Szef polskiego rząd ujawnił, jakie decyzje zapadły podczas szczytu. Nie szczędził również krytyki pod adresem Aleksandra Łukaszenki.
Mateusz Morawiecki ostro o Łukaszence
„Cała Rada Europejska potępiła sytuację na Białorusi i wszyscy uważamy, że wybory na Białorusi powinny zostać powtórzone” – powiedział Mateusz Morawiecki podczas konferencji prasowej. „Bardzo mocno popieramy sankcje wobec osób, które brały bezpośredni udział w pacyfikacji manifestacji oraz obywateli, którzy wyrażali swój sprzeciw. Nie chcemy natomiast, żeby Białoruś jako społeczeństwo ucierpiało w wyniku tych działań sankcyjnych” – dodał.

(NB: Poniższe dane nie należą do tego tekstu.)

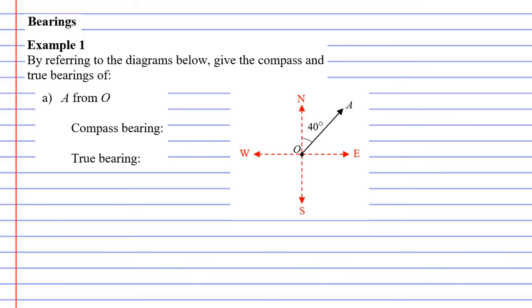For example one, the question says: referring to the diagram below, give the compass and true bearing of A from O. Starting with the true bearing — measuring clockwise from north to this line — it's a 40 degree angle. So our true bearing is 040°T, written with three digits and a capital T to denote a true bearing.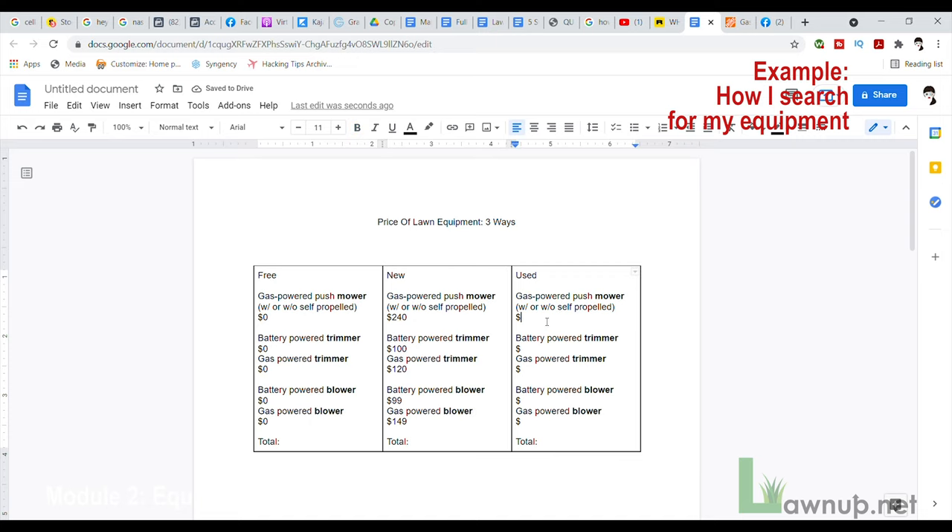Adding up the new prices: going with gas-powered across the board comes to about $439 total. Alternatively, with the electric/battery-powered alternatives it comes to about $519 for the big three. With either option, you get your complete big three equipment — lawn mower, trimmer, and leaf blower.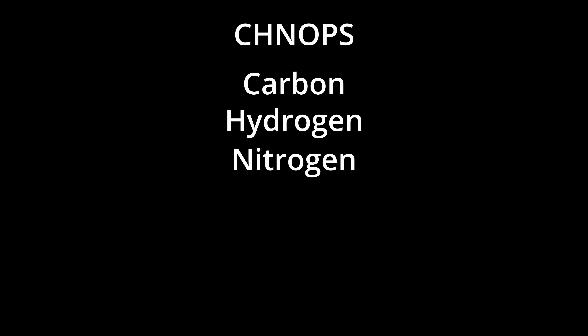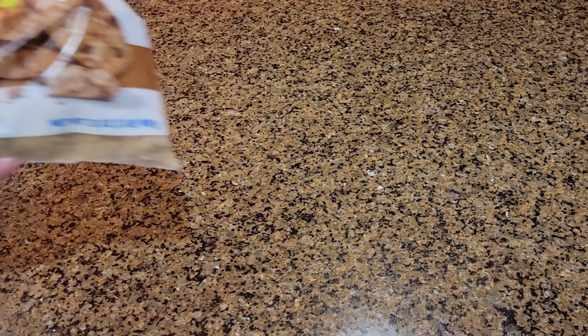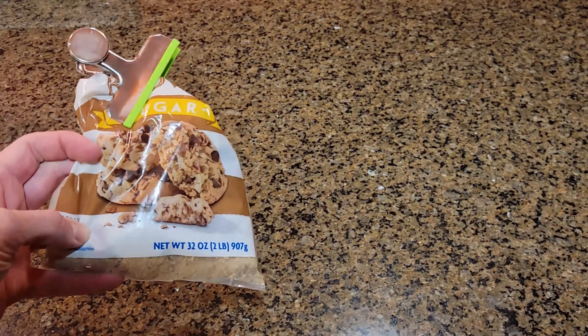First, we need to grow our yeast. Yeast like sugar, but they also need other elements as well. Like most life, they need CHNOPS: carbon, hydrogen, nitrogen, oxygen, phosphorus, and sulfur. Sugar is all carbon, hydrogen, and oxygen, so that won't do alone. Brown sugar, on the other hand, is just white sugar plus molasses. Molasses contains plentiful trace nutrients that the yeast need to grow properly, so don't do this with plain sugar.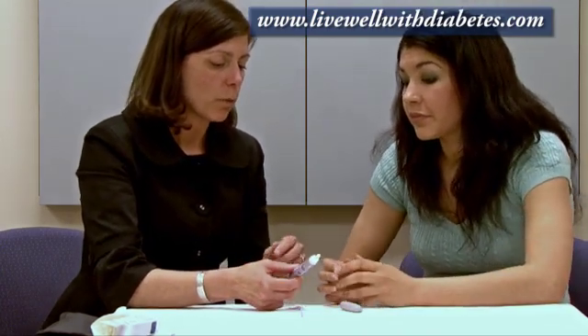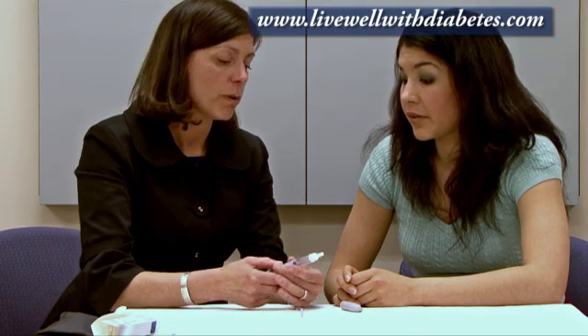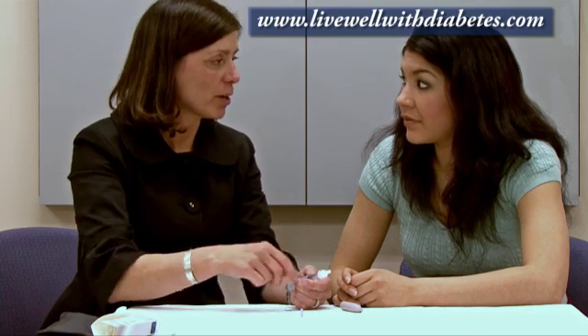What happens if I need 20 or 22 units and there's only 20 left? When you dial your dose, it will only dial up to how much insulin is left. So if there's only 20 units left and you need 22, you turn it up to 20, inject it, then start a brand new pen and take the remaining two units from that pen — meaning two pokes that day. Some people like to use it to the last drop; others would rather just have one poke and waste whatever's left to start a brand new pen.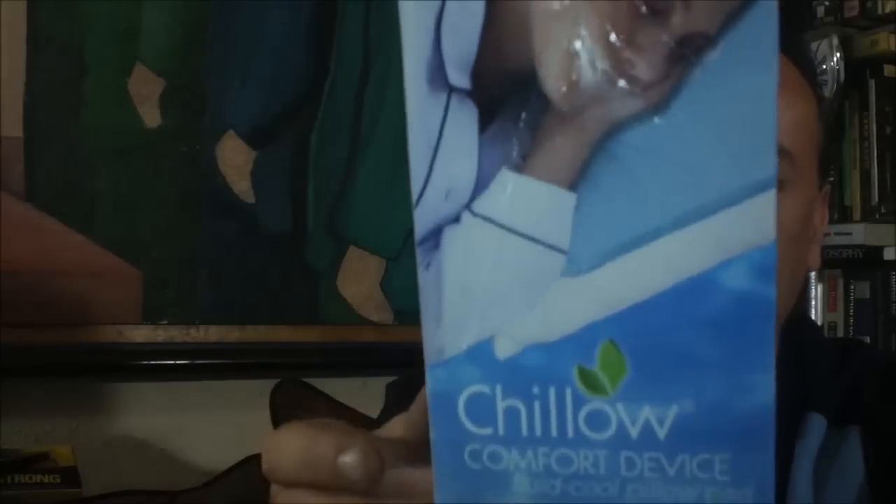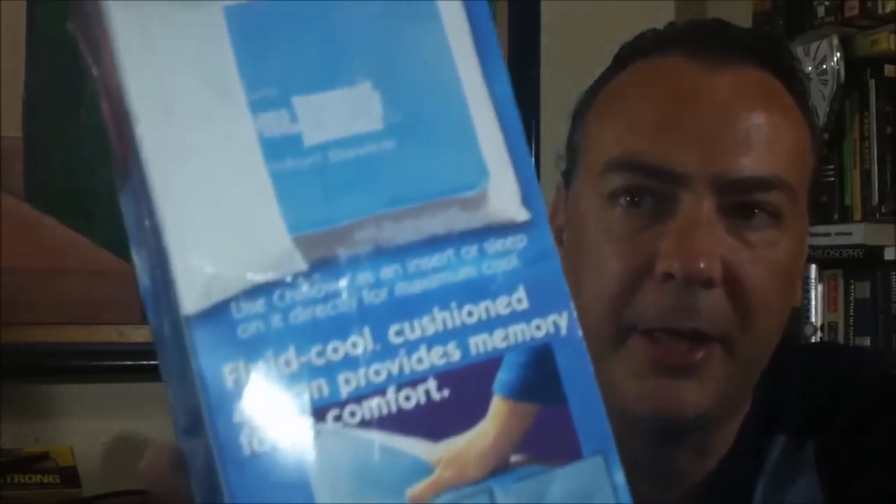I'm one of those people who really likes the other side of the pillow — I'm always flipping it over trying to get the cool side. So in theory with this Chilo, you won't need to worry about that because this is going to keep your pillow so cool. You can basically either put it on top of the pillow or slide it underneath your pillowcase. But there are also several other things you can do with it — like put it behind your back or put it under your feet.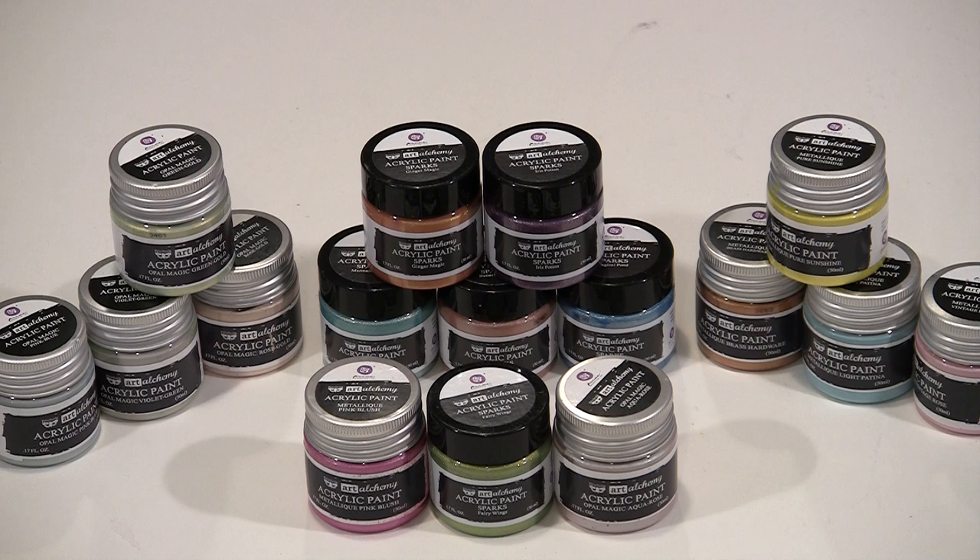With Finnabair's Art Alchemy line having grown to include Metalik, Opal Magic, and the new Sparks paint, I thought it was time to compare the three to see what the differences are and how to best take advantage of them. On light surfaces and dark, journal pages and cards, even on a gel press plate, Art Alchemy paints are versatile, include a lot of interesting colors and effects, and are a worthwhile addition to your studio.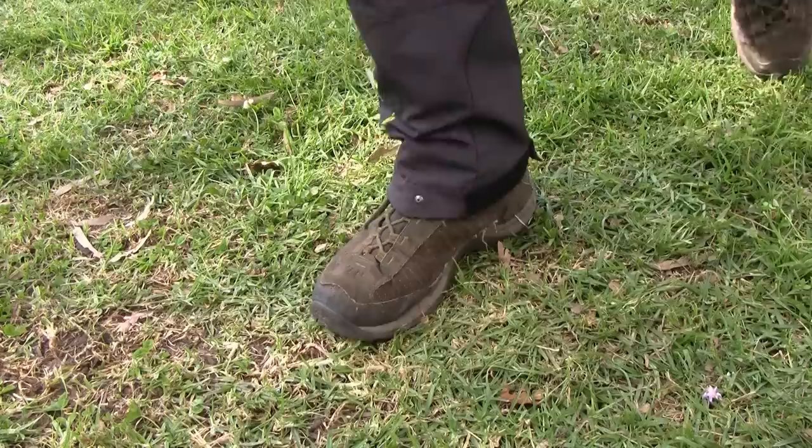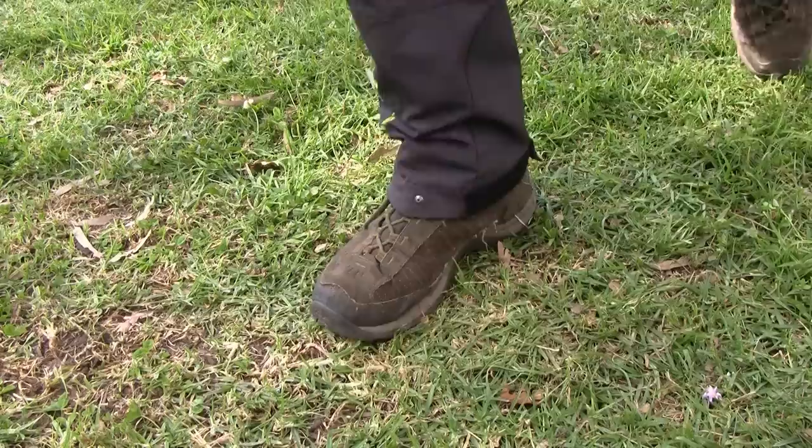Start by putting a pantin on. You can use either a right-footed or a left-footed pantin. In this case, I'm putting the pantin on my right foot.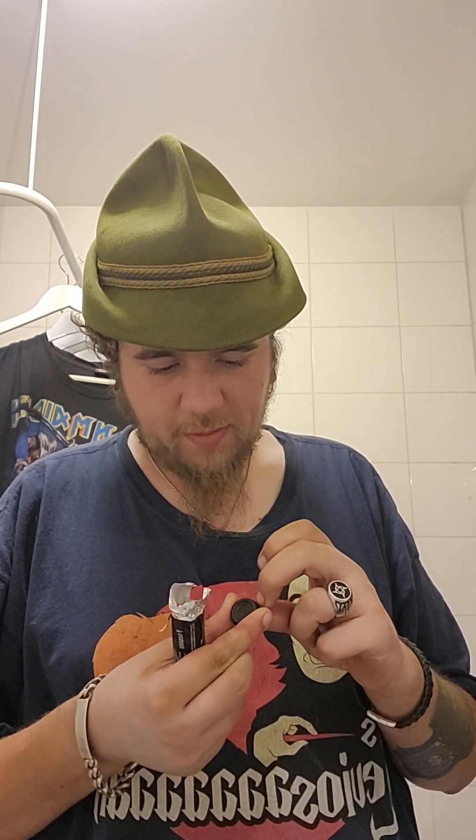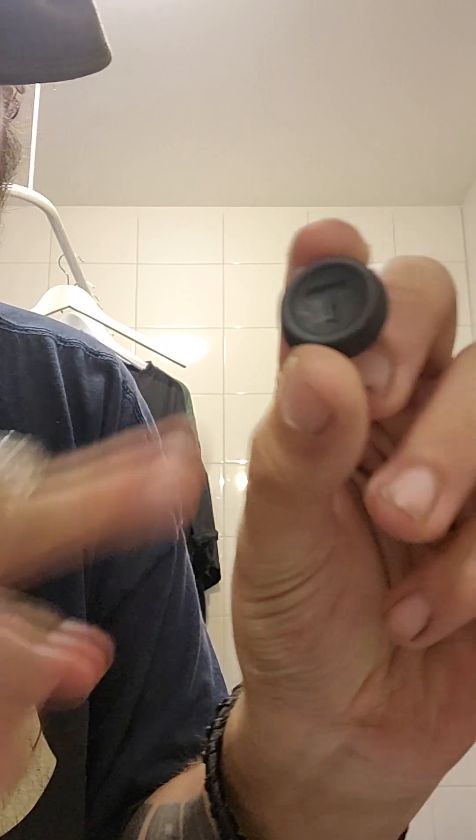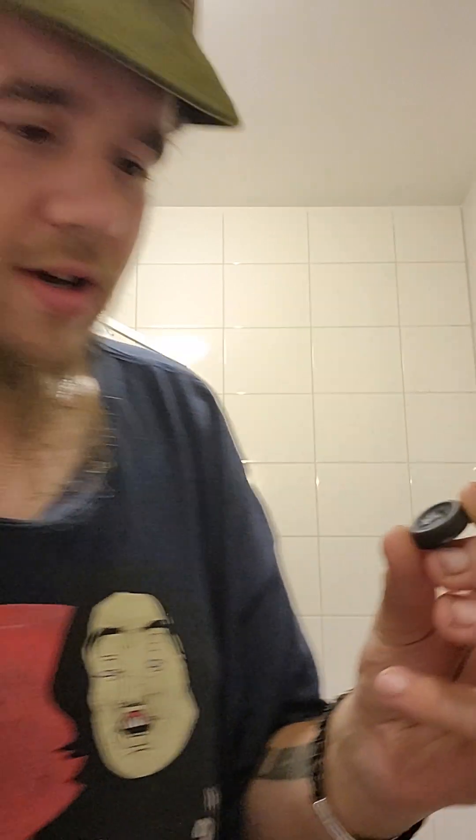There's a bit of paper left on it. Oh, forget it. Here's the T, if you can see it - maybe you can see the T there. So it's a circle. Let's try. Cheers.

Mateusz Morawiecki odniósł się też bezpośrednio do osoby prezydenta Białorusi. „Chcemy dać do zrozumienia reżimowi Łukaszenki, że ten czas, kiedy można było nie słuchać głosu społecznego, musi się skończyć jak najszybciej. Trzeba zasiąść do rozmów i dialogu, żeby doprowadzić jak najszybciej do demokratyzacji sytuacji na Białorusi” – powiedział.
To jednak nie koniec. Morawiecki przyznał bowiem, że na Białorusi nie może dojść do żadnej zewnętrznej interwencji, a o proces demokratyzacji kraju powinien znaleźć się w rękach tamtejszych obywateli. „Nie można doprowadzać do żadnych zewnętrznych interwencji. Chcemy, żeby proces demokratyzacji Białorusi był w rękach białoruskiego narodu. Każdy naród chce sam decydować o swoim losie” – powiedział Mateusz Morawiecki.
Wygląda więc na to, że stanowisko państw Unii Europejskiej ws. wyborów na Białorusi jest i będzie stanowcze. Na ile przełoży się to jednak na realne zmiany za naszą wschodnią granicą?